Performance of inner join compared to cross join

SqlPerformance

Sql Problem Overview


The effect of issuing an inner join is the same as stating a cross join with the join condition in the WHERE-clause. I noticed that many people in my company use cross joins, where I would use inner joins. I didn't notice any significant performance gain after changing some of these queries and was wondering if it was just a coincidence or if the DBMS optimizes such issues transparently (MySql in our case). And here a concrete example for discussion:

SELECT User.*
FROM User, Address
WHERE User.addressId = Address.id;

SELECT User.*
FROM User
INNER JOIN Address ON (User.addressId = Address.id);

Sql Solutions


Solution 1 - Sql

Cross Joins produce results that consist of every combination of rows from two or more tables. That means if table A has 6 rows and table B has 3 rows, a cross join will result in 18 rows. There is no relationship established between the two tables – you literally just produce every possible combination.
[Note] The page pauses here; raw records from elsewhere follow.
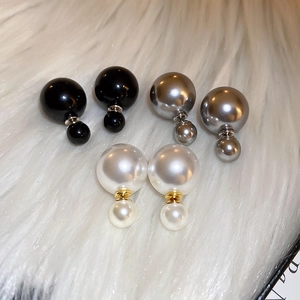Macro view of double-sided pearl earrings in black, silver, and white on plush background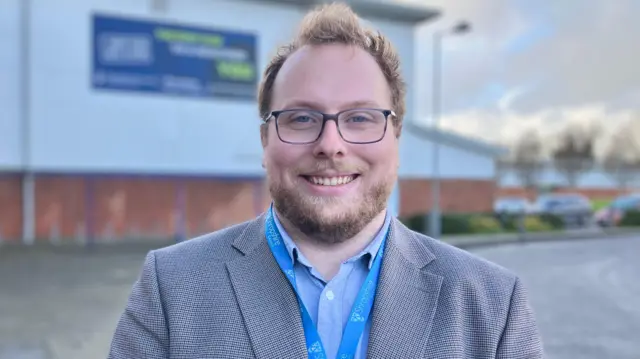 Un hombre de pelo rubio y barba, vestido con una chaqueta gris y un cordón azul, de pie frente a un edificio revestido de blanco con una base de ladrillo.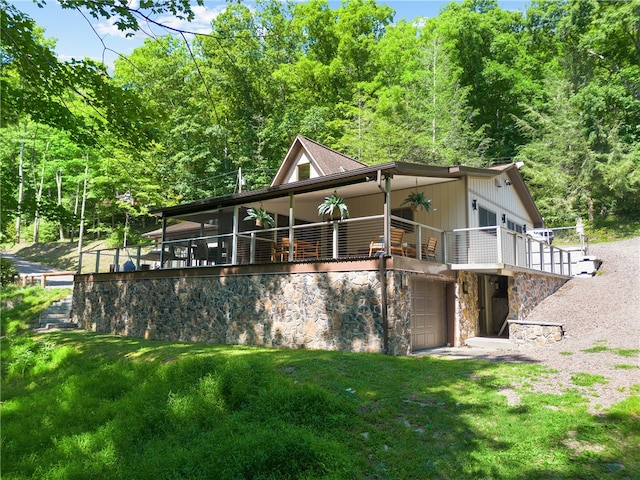 rear view of property featuring a yard, a garage, and a deck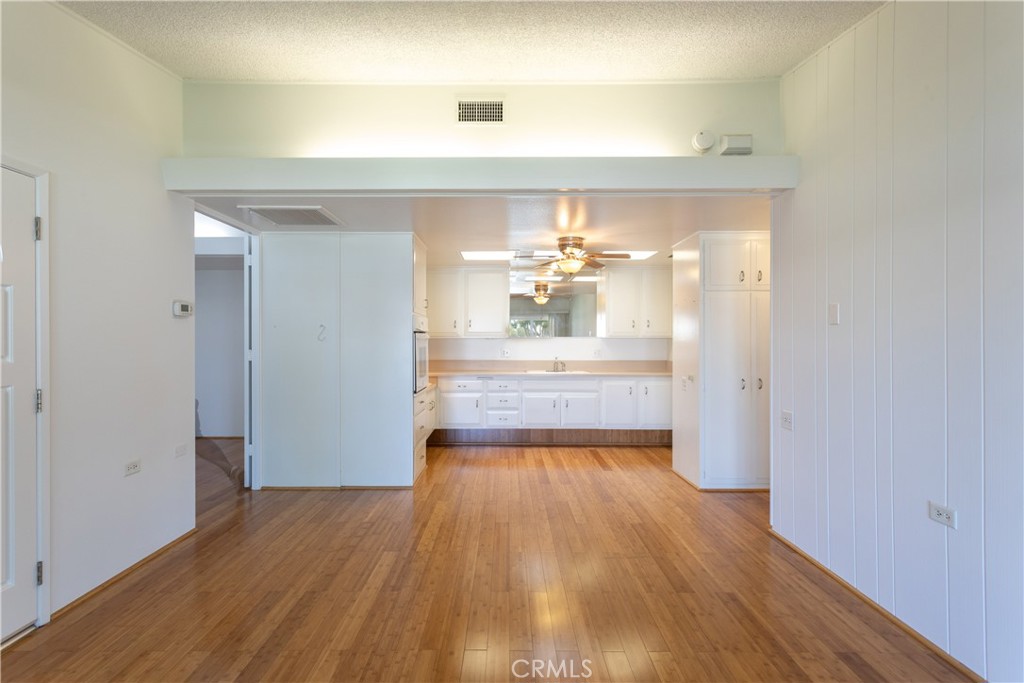 1180 Oakmont Road, Unit 51H Seal Beach, CA 90740 - Photo 19 of 31 a view of a kitchen from a hallway with wooden floor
With an inner join, column values from one row of a table are combined with column values from another row of another (or the same) table to form a single row of data.

If a WHERE clause is added to a cross join, it behaves as an inner join as the WHERE imposes a limiting factor.

As long as your queries abide by common sense and vendor specific performance guidelines (i), I like to think of the decision on which type of join to use to be a simple matter of taste.

(i) Vendor Specific Performance Guidelines

  1. MySQL Performance Tuning and Optimization Resources
  2. PostgreSQL Performance Optimization

Solution 2 - Sql

There is no difference other than the inner join is a lot clearer because it defines the join, leaving the where clause to be the actual limiting condition.

Solution 3 - Sql

Use EXPLAIN to view the query plan for both queries, and see if there's any difference. Quite possibly MySQL will use the same execution plan in both cases. I use the INNER JOIN syntax mainly because it's a lot clearer.

Solution 4 - Sql

I find that work-places that allow the first syntax (comma separated tables) tend to have significant time taken up debugging cases where more rows are returned than intended. Unintentional cross joins are the bane of a system, and can bring even the most well-tuned database to it's knees. It has brought our pre-prod system to a screeching halt on at least two occasions in the last year.

The second syntax (join syntax) forces the writer to think about how the tables are joined together first, and then only return the interesting rows. It is impossible to accidentally do a cross join using this syntax, and thus the danger of accidental poorly performing queries is reduced.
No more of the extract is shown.